JOPLIN — Millions in federal funding is being added to cleanup efforts at contaminated mining sites in southwest Missouri and southeast Kansas.
The Environmental Protection Agency said Wednesday that Superfund sites in Jasper County and Cherokee County, Kan., will each receive between $10 million and $25 million. The money will accelerate cleanup efforts already under way at the sites.
Congress set aside $600 million in stimulus funding for the Superfund sites across the country.
"EPA has an answer to these challenging economic times," EPA Administrator Lisa Jackson said in a written statement. "Under the (American Recovery and Reinvestment Act of 2009), we're getting harmful pollutants and dangerous chemicals out of these communities and putting jobs and investment back in."
Jasper County's additional funds will be used to continue the cleanup of mining sites and land reclamation between Webb City and Carterville and north of Webb City.
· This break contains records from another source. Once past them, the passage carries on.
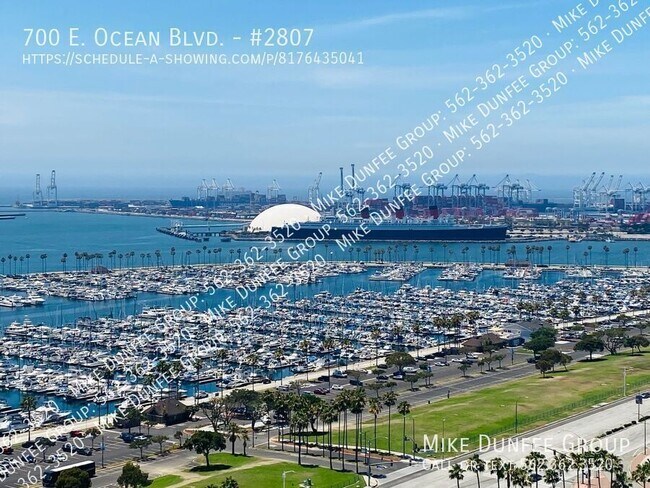 property at 700 E Ocean Blvd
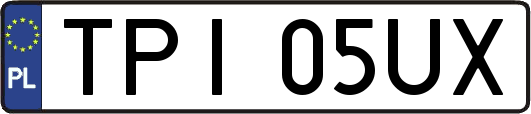TPI05UX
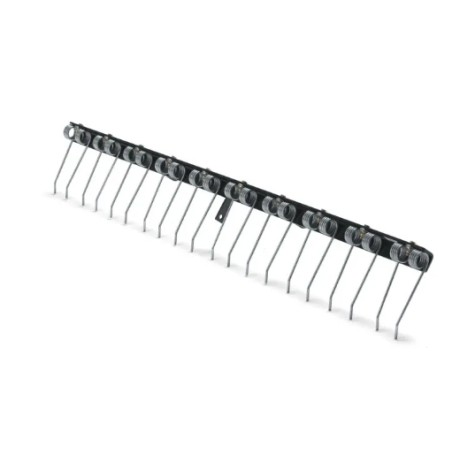 ORIGINAL STIGA 13-3914-11 130cm Heckrechen für Rasentraktor | Newgardenstore.eu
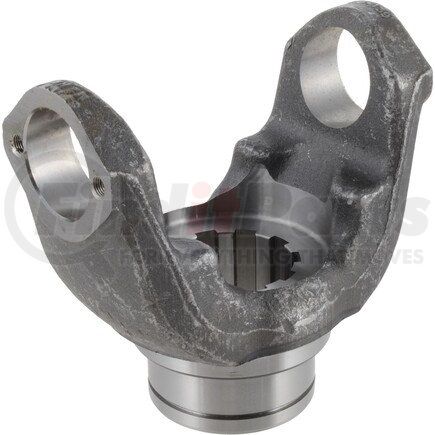 6.5-4-2171 by DANA - 1810 Series Drive Shaft End Yoke - Steel, 10 Spline, BP Yoke Style, Splined Hole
The EPA says cleaning up all the county's mining sites will cost an estimated $57 million.
Cherokee County's funds will be used to remove lead-contaminated residential soil in the southeast Kansas towns of Badger, Lawton, Baxter Springs and Treece. The EPA has budgeted about $11 million for the Cherokee County site this year.
The agency has spent hundreds of millions of dollars on cleanup projects since the early 1980s, when mining sites were added to the National Priorities List of hazardous-waste sites.
The states involved, as well as the mining and chemical companies identified as being potentially responsible for the contamination, have contributed to the cleanup efforts.
The projects are expected to take up to 10 years.
The Tri-State Mining District that encompasses parts of Missouri, Kansas and Oklahoma covers land where lead and zinc were mined from the 1870s to 1970. Some of that area is contaminated with lead, zinc and cadmium.